The Minimum Distance Test. It does this 100 times: choose n=8000 random points in a square of side 10000. Find d, the minimum distance between the (n^2-n)/2 pairs of points. If the points are truly independent uniform, then d^2, the square of the minimum distance should be (very close to) exponentially distributed with mean .995 . Thus 1-exp(-d^2/.995) should be uniform on [0,1) and a KSTEST on the resulting 100 values serves as a test of uni- formity for random points in the square. Test numbers=0 mod 5 are printed but the KSTEST is based on the full set of 100 random choices of 8000 points in the 10000x10000 square.

## MonteCarlo test

This is the Monte Carlo Test. We read 16 bits as X, and 16 bits as Y. If (X,Y) point in circle(256) we count success. piValue is (success / num_of_points) * 4.

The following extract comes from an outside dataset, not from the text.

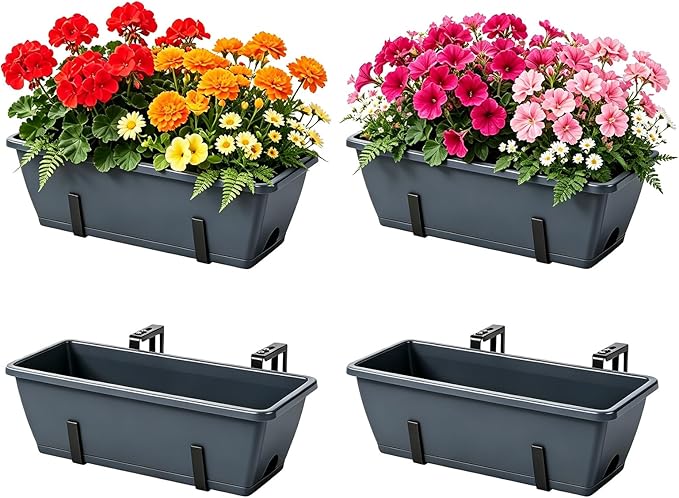 OYEAL Deck Railing Planter Box 4 Pack Window Boxes Planters with Adjustable Brackets, 17 Inch Hanging Flower Pots for Plants for Front Porch, Garden Fence, Apartment Patio Balcony Decor, Grey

## Overlapping20TuplesBitstream test

The Bitstream Test. The file under test is viewed as a stream of bits. Call them b1,b2,... . Consider an alphabet with two "letters", 0 and 1 and think of the stream of bits as a succession of 20-letter "words", overlapping. Thus the first word is b1b2...b20, the second is b2b3...b21, and so on. The bitstream test counts the number of missing 20-letter (20-bit) words in a string of 2^21 overlapping 20-letter words. There are 2^20 possible 20 letter words. For a truly random string of 2^21+19 bits, the number of missing words j should be (very close to) normally distributed with mean 141,909 and sigma 428. Thus (j-141909)/428 should be a standard normal variate (z score) that leads to a uniform [0,1) p value. The test is repeated twenty times.

OPSO means Overlapping-Pairs-Sparse-Occupancy. The OPSO test considers 2-letter words from an alphabet of 1024 letters. Each letter is determined by a specified ten bits from a 32-bit integer in the sequence to be tested. OPSO generates 2^21 (overlapping) 2-letter words (from 2^21+1 "keystrokes") and counts the number of missing words---that is 2-letter words which do not appear in the entire sequence. That count should be very close to normally distributed with mean 141,909, sigma 290. Thus (missingwrds-141909)/290 should be a standard normal variable. The OPSO test takes 32 bits at a time from the test file and uses a designated set of ten consecutive bits. It then restarts the file for the next designated 10 bits, and so on.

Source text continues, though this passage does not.